# Recomemder Systems in a Large-Scale Document-Based Data Extraction Application

*Mauricio Alarcon <rmalarc@msn.com>*

## Introduction

This project explores the role and implementation of recomemder systems in a document processing application. In this case, we will consider an information extraction applicaiton, whose function is to support automatic data extraction from large document collections such as legal contracts and other types of commercial agreements.

## Application Workflow

At a high level, the flow of the application is:

1. Document is uploaded 
2. Perform OCR as needed
3. **Detect document type\***
4. **Parse and Extract defined data elements\***
5. Return document with extracted datapoints for review

* These 

## Recommender Systems in the Application Pipeline

Let's explore the following areas where recommender systems can support the application:

### Document Classification

The goal with this collaborative filtering recomender is to produce a document classification once a user uploads a document. Let's keep in mind that detecting the document type is a pre-requisite to firing up subsequent data extraction tasks. We don't want to attempt to extract a birth date from a lease agreement, however we want to extract the data element whenever the application finds a birth certificate.

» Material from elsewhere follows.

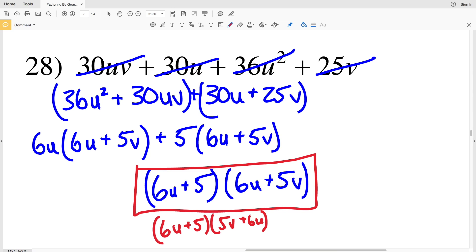With that we wrap up our factoring by grouping worksheet. If you have any questions leave them in the comments below. Also subscribe and like my channel, and don't forget that if you do not have a common binomial when you factor at first, reorder and factor again.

Traditional document classification systems are based on machine learning algorithms such as logistic regression, naive bayes classification, amongst others. These supervised algorithms require an extensive dataset before they can start doing their job.

What if you have an interactive application where you need to generate a doucument classification based upon limited user interaction and there is no prior training dataset? 

We could use one of the traditional classification algorithms in a way that we first generate a training datased by capturing several records of user interaction and then generate predictions. This system adds latency, as the system would not be able to generate predictions until a rich training dataset is first generated. This latency often makes these algorithms hard and impractical to implement due to the dependency on the existence of a rich training dataset.

A general implementation of such an algorithm is presented here: https://github.com/rmalarc/DATA643/blob/master/src/main/scala/week4/project4-code.ipynb. The above mentioned project implements a low-latency document-document recommender system by generating a prospective lean training dataset captured from user interaction that minimizes prediction latency.

### Data Element Definition Propagation

As previously discussed, document detection directs the applicaiton flow towards certain data extraction subroutines. However, these sub-routines can be applicable to other document types. For instance, you may dates of birth mentioned not just in birth certificates but also in a variety of other documents. 

The goal here is to help the application propagate these data-extraction tasks to other documents in a context-aware collaborative filtering fashion.



## Application Demonstration

Let's see the implementation of the Document Classification Collaborative filtering. 

1. Document Upload
![Document Upload](https://raw.githubusercontent.com/rmalarc/DATA643/master/src/main/scala/finalproject/1.png)

2. Document Appears as Unknown
![Unknown Doc](https://raw.githubusercontent.com/rmalarc/DATA643/master/src/main/scala/finalproject/2.png)

3. User Assigns Document Type
![New Doc Type](https://raw.githubusercontent.com/rmalarc/DATA643/master/src/main/scala/finalproject/3.png)

4. New Document is Uploaded
![New Document Upload](https://raw.githubusercontent.com/rmalarc/DATA643/master/src/main/scala/finalproject/4.png)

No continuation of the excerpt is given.